Molecular Research Center Tech Bulletin DNA Isolation from Plants

Hybridization Molecular Research Center Technical Bulletin No. 7

ISOLATION OF DNA FROM PLANT TISSUES CONTAINING POLYPHENOLICS AND POLYSACCHARIDES
William Wilfinger, Molecular Research Center, Inc.

High quality DNA can be isolated directly from most plants with DNAzol^®ES (cat. no. DN 128). However, some plant tissues contain high concentrations of reactive polyphenolic and polysaccharide contaminants that co-isolate with DNA.

I. REMOVAL OF POLYPHENOLICS
The disruption of some plant cells may release reactive phenolic compounds which oxidize rapidly to form phenoxides that undergo irreversible electrophilic substitution reactions with proteins and nucleic acids. DNA extracts that are contaminated with polyphenolics may contain a sticky, dense, colored gelatinous residue that cannot be separated from the DNA. In order to extract higher quality DNA from these plant tissues, we recommend supplementing DNAzol ES with polyvinylpyrrolidone(PVP).

Required Reagents:
2-Mercaptoethanol (2-ME)
Polyvinylpyrrolidone (soluble 10,000 M_w) Prepare a 10 % stock solution (w:v) by adding 1.0 g of PVP to 9.0 ml of DNAzol ES. This 10% PVP-DNAzol ES stock solution is stable for at least 1 month.

PROTOCOL
1. Dilute the 10% PVP-DNAzol ES stock solution with DNAzol ES to obtain a 2% PVP-DNAzol ES solution.
2. Immediately before use, add 2-mercaptoethanol to the 2% PVP-DNAzol ES solution to achieve a 2-mercaptoethanol final concentration of 1% (V:V).
3. Pulverize 1 g of the plant tissue according to the DNAzol ES protocol. Mix the plant tissue with 3.0 ml of the 1% 2-ME, 2% PVP-DNAzol ES working solution. Perform DNA isolation according to the DNAzol ES protocol.

Plant tissues are very heterogeneous and the optimal concentration of PVP may vary for different plant tissues. A 2% PVP-DNAzol ES solution is most versatile but experiments may be performed using a concentration range of 1-5 % PVP in order to identify the optimal quantity of PVP for a specific plant tissue. Please note that increasing PVP concentration may increase DNA purity, but excessive amounts of PVP will significantly decrease DNA yield.
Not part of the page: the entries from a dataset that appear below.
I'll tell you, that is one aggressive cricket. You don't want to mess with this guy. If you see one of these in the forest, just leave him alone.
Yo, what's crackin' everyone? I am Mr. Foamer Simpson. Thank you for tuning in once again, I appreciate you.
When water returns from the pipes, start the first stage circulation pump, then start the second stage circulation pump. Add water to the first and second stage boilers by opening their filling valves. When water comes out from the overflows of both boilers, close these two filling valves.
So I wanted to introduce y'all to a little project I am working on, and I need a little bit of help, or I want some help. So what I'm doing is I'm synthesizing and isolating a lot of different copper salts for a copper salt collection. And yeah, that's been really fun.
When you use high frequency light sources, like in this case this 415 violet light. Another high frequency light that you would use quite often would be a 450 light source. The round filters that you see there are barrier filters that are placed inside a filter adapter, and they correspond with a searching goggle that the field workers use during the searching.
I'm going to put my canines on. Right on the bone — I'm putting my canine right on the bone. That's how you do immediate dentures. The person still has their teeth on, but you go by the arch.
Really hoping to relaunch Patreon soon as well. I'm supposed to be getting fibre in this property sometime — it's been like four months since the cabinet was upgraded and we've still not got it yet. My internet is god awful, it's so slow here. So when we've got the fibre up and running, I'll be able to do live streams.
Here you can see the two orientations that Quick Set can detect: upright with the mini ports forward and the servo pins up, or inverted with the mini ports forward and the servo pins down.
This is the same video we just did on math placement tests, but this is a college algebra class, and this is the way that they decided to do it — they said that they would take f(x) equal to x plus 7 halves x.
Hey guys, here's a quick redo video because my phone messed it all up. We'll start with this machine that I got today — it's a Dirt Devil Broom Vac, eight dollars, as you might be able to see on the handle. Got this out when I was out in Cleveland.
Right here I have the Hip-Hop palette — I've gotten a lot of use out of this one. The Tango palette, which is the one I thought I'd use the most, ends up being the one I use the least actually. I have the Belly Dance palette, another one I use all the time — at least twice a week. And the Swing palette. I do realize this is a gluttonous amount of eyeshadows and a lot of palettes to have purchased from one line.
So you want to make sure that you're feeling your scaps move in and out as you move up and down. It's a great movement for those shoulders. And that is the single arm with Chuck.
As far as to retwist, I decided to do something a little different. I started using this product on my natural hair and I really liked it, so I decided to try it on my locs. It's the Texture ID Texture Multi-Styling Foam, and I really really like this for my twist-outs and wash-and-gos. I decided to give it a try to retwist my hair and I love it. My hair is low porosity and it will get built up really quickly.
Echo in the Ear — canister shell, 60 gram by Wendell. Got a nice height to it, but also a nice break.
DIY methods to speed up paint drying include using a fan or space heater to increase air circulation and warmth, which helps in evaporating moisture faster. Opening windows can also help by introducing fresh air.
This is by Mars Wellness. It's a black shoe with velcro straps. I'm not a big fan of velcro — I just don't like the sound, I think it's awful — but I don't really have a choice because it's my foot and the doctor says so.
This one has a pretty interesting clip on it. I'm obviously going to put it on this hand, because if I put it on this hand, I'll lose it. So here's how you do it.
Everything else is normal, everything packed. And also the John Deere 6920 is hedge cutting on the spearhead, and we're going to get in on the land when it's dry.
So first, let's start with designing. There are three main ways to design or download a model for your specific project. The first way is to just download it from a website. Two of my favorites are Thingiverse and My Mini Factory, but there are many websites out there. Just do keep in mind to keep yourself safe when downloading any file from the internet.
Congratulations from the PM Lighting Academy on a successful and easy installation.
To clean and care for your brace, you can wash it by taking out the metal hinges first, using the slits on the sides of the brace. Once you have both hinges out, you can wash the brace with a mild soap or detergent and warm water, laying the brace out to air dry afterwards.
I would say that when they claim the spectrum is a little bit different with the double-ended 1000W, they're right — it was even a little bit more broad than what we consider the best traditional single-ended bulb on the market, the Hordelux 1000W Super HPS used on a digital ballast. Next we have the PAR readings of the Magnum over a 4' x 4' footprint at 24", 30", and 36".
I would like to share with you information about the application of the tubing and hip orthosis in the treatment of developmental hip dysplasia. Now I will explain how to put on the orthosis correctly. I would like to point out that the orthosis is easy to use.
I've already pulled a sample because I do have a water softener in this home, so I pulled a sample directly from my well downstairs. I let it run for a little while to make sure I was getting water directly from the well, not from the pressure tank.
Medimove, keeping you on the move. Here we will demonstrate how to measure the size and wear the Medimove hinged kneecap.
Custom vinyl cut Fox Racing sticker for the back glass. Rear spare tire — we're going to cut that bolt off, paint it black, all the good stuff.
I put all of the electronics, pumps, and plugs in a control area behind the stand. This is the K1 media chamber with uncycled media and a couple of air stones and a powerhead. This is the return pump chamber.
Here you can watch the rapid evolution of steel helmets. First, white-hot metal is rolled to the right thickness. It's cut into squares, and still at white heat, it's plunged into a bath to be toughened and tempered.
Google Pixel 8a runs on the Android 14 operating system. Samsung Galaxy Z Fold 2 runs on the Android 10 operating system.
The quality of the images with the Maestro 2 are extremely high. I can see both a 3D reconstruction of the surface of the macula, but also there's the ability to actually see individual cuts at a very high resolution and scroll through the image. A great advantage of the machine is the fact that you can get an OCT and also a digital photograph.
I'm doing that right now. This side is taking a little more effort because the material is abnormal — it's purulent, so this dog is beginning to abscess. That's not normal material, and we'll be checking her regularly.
II. REMOVAL OF POLYSACCHARIDES
Some plants contain large quantities of polysaccharide that may co-isolate with DNA. Extracts that contain polysaccharides are usually very viscous and these contaminants can be removed during DNA isolation by sedimentation at low temperature (See Notes and Comments #4 of the DNAzol ES. protocol). If the sedimentation at low temperature step was not employed, polysaccharide contaminants can be removed from the solubilized DNA / NaOH extracts by low salt-ethanol precipitation (Michaels, S.D., M.C. John and R. M. Amasino. BioTechniques 17:274,1994).

Required Reagents:
Prepare a 10X salt solution containing 2.5 M NaCl, 20 mM EDTA and 0.5 M Tris-HCl, pH 8.0.

PROTOCOL
1. Perform DNA isolation according to DNAzol ES protocol and solubilize DNA in 8 mM NaOH.
2. Mix 1 volume of the 10X salt solution with 9 volumes of DNA solubilized in 8 mM NaOH.
3. Precipitate polysaccharides while maintaining DNA in solution. With continuous mixing, slowly add 0.35 volumes of ethanol to the DNA-salt solution. Ethanol must be added slowly and with mixing to avoid local elevations in ethanol concentration that can precipitate DNA. Incubate the mixture for 15 minutes on ice and centrifuge at 10,000 g for 10 minutes at 4 C.
4. Transfer the supernatant containing the DNA to a clean tube and add an equal volume of isopropanol to precipitate the DNA. Mix the samples by inversion, incubate for 5 minutes at room temperature and pellet the DNA by centrifugation at 6,000 g for 4 minutes at 4-25 C.
5. Decant the supernatant and wash the DNA pellet for 5 minutes with 1 ml of 70% ethanol.
6. Sediment the DNA for 4 minutes at 6,000 g, decant the supernatant and solubilize the DNA in 8 mM NaOH as outlined in the DNAzol ES protocol.